As semiconductor technology continues to inch closer to practical limitations in terms of increases in clock speed, architects are increasingly focusing on parallelism in processor architectures to obtain performance improvements. At the integrated circuit device, or chip level, multiple processing cores are often disposed on the same chip, functioning in much the same manner as separate processor chips, or to some extent, as completely separate computers. In addition, even within cores, parallelism is employed through the use of multiple execution units that are specialized to handle certain types of operations. Pipelining is also employed in many instances so that certain operations that may take multiple clock cycles to perform are broken up into stages, enabling other operations to be started prior to completion of earlier operations. Multithreading is also employed to enable multiple instruction streams to be processed in parallel, enabling more overall work to performed in any given clock cycle.
The net result of applying the aforementioned techniques is an ability to provide multithreaded processing environment with a pool of hardware threads distributed among one or more processing cores in one or more processor chips and in one or more computers, and capable of processing a plurality of instruction streams in parallel. It is expected that as technology increases, processor architectures will be able to support hundreds or thousands of hardware threads, and when multiple processors are combined into high performance computing systems such as supercomputers and massively parallel computers, a potential exists to support millions of hardware threads.
However, effective parallel processing requires that the software applications that run in a multithreaded processing environment take suitable advantage of multithreading capabilities. Software developers are typically more comfortable with developing single threaded applications since they typically follow the sequences of steps needed to perform desired tasks. Support for multithreading is often not as intuitive, and often requires consideration for minimizing conflicts and dependencies to minimize the frequency that threads may spend waiting for other threads to complete work that they need before they can complete their own work. For example, if one thread needs to calculate an average of some set of values that are being calculated by other threads, that thread will not be able to perform its operation until all of the other threads calculate their respective values. Threads that perform completely independent tasks, on the other hand, typically do not suffer from dependency concerns, so much of the effort associated with developing for multithreaded applications is devoted to breaking tasks up into relatively independent threads so that inter-thread dependencies are minimized.
Given the difficulties associated with developing multithreaded applications, a significant need has existed in the art for techniques for simplifying the development of multithreaded applications. For example, significant efforts have been made to programmatically convert single threaded application code into multithreaded application code during compilation, e.g., using an optimizing compiler. With one methodology, for example, fine grained parallelism is employed to convert in-order code in an instruction stream into multiple, small out-of-order code segments, and instructions are inserted into the instruction streams to pass data between the code segments in the form of variables. One type of instruction is a “put” instruction, which sends a variable to another thread, and another type of instruction is a “get” instruction, which retrieves a variable from another thread. Through the use of these instructions, synchronization between code segments executing on multiple threads can be maintained by stalling a code segment that has issued a get statement for a particular variable until another code segment has issued a corresponding put instruction for that variable.

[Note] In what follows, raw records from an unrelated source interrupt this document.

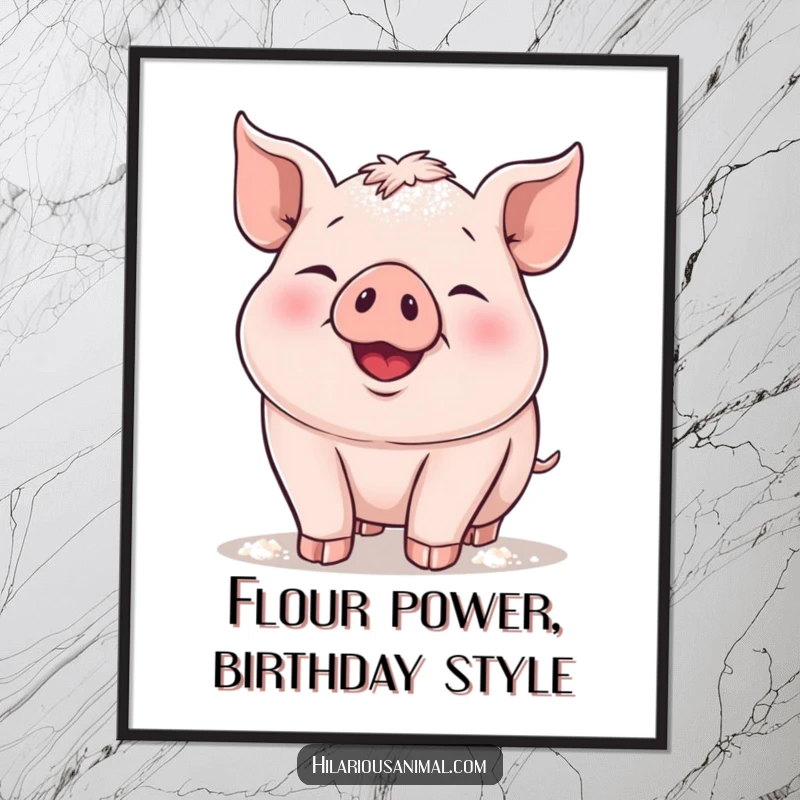 Funny Free Printable wall art of a plump piglet joyfully snorting, covered in a playful dusting of flour, adding a whimsical touch.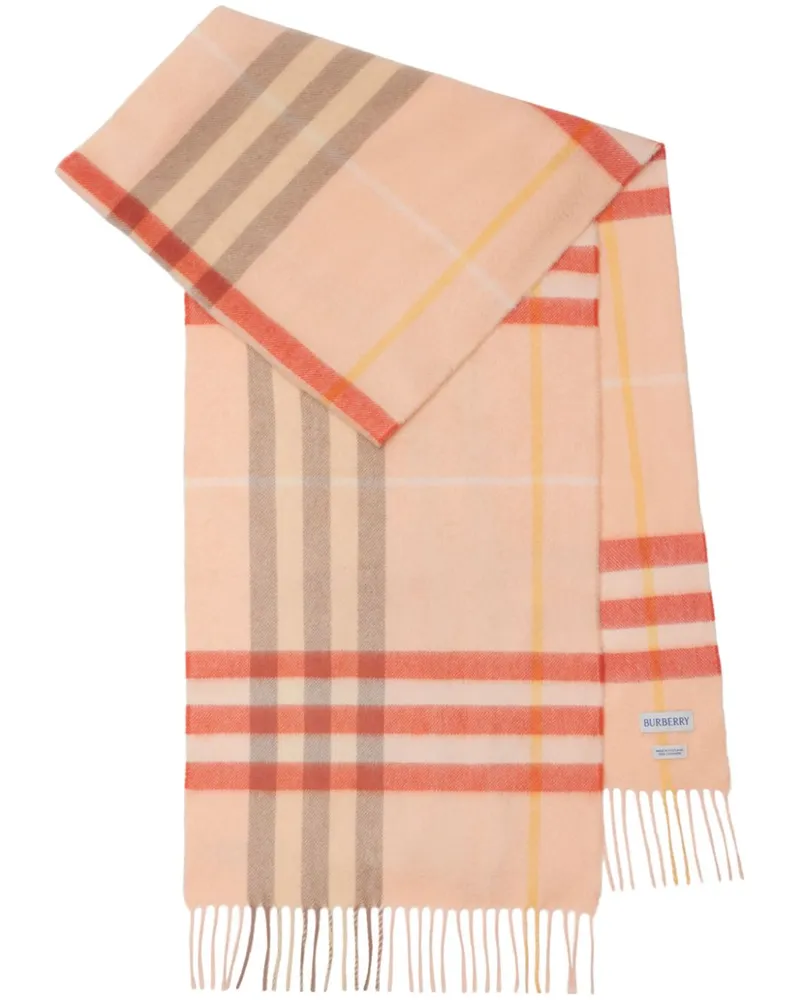 Burberry Kaschmirschal mit Check - Rosa Rosa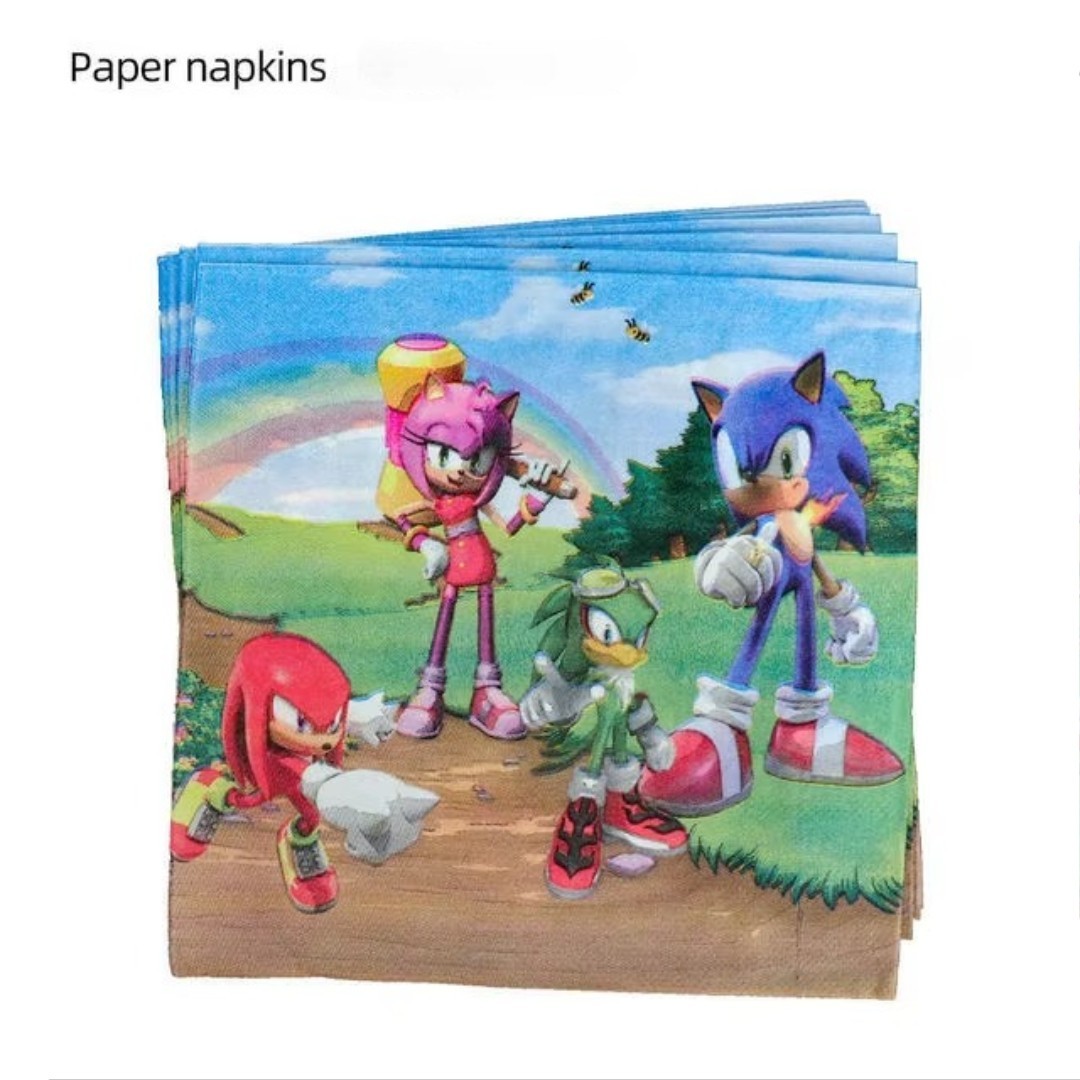 Sonic Hedgehog Birthday Party Supplies Set Plate Napkins Banner Tableware Kit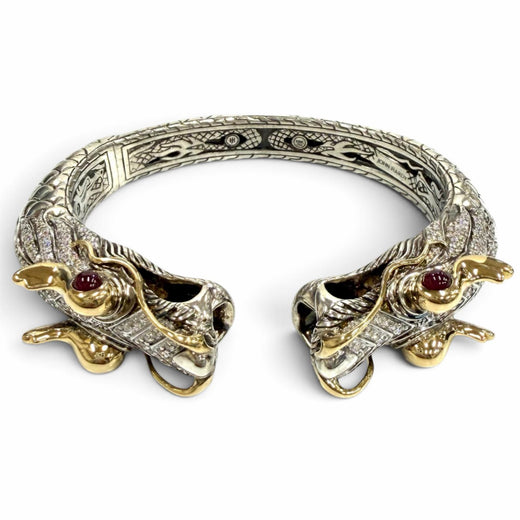 Excellent JOHN HARDY Bangle Diamond Dragon Silver 925 Women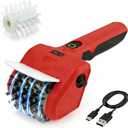 TOOLSPACE Cordless Electric Grill Brush, Rechargeable Grill Cleaner with 2PCS 360 Rotating Brush Heads, 700 RPM Powerful Cleaning for Outdoor Grills, Griddles & Barbecues (Red Black)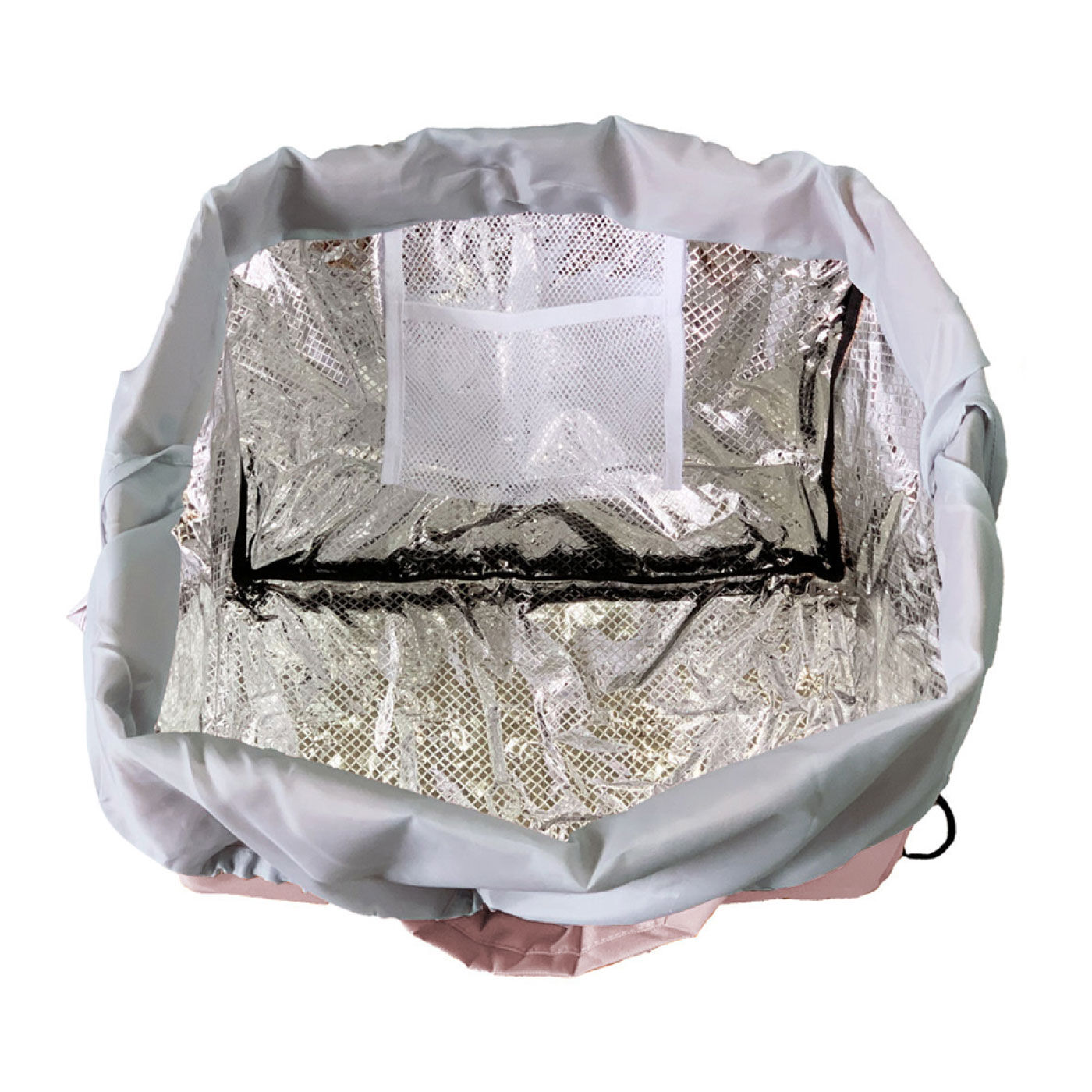 FELISSIMO PARTNERS|買い物が楽しくなる　レジかごサイズのショッピングバッグ|バッグの内側はアルミ素材です。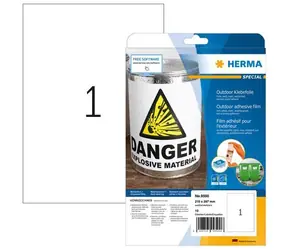 Herma Outdoor etikety A4 biele matné / Etikety / vodeodolné / 210x297 mm / 10 ks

While the use of put and get instructions can effectively maintain synchronization between dependent code segments executing on different hardware threads, any time that a thread is stalled waiting for a variable from another thread represents lost productivity, so it is desirable to minimize the latency associated with communicating variables between threads.
Therefore, a significant need exists in the art for a manner of efficiently communicating data between multiple threads in a multithreaded processing environment to minimize latencies for inter-thread dependencies.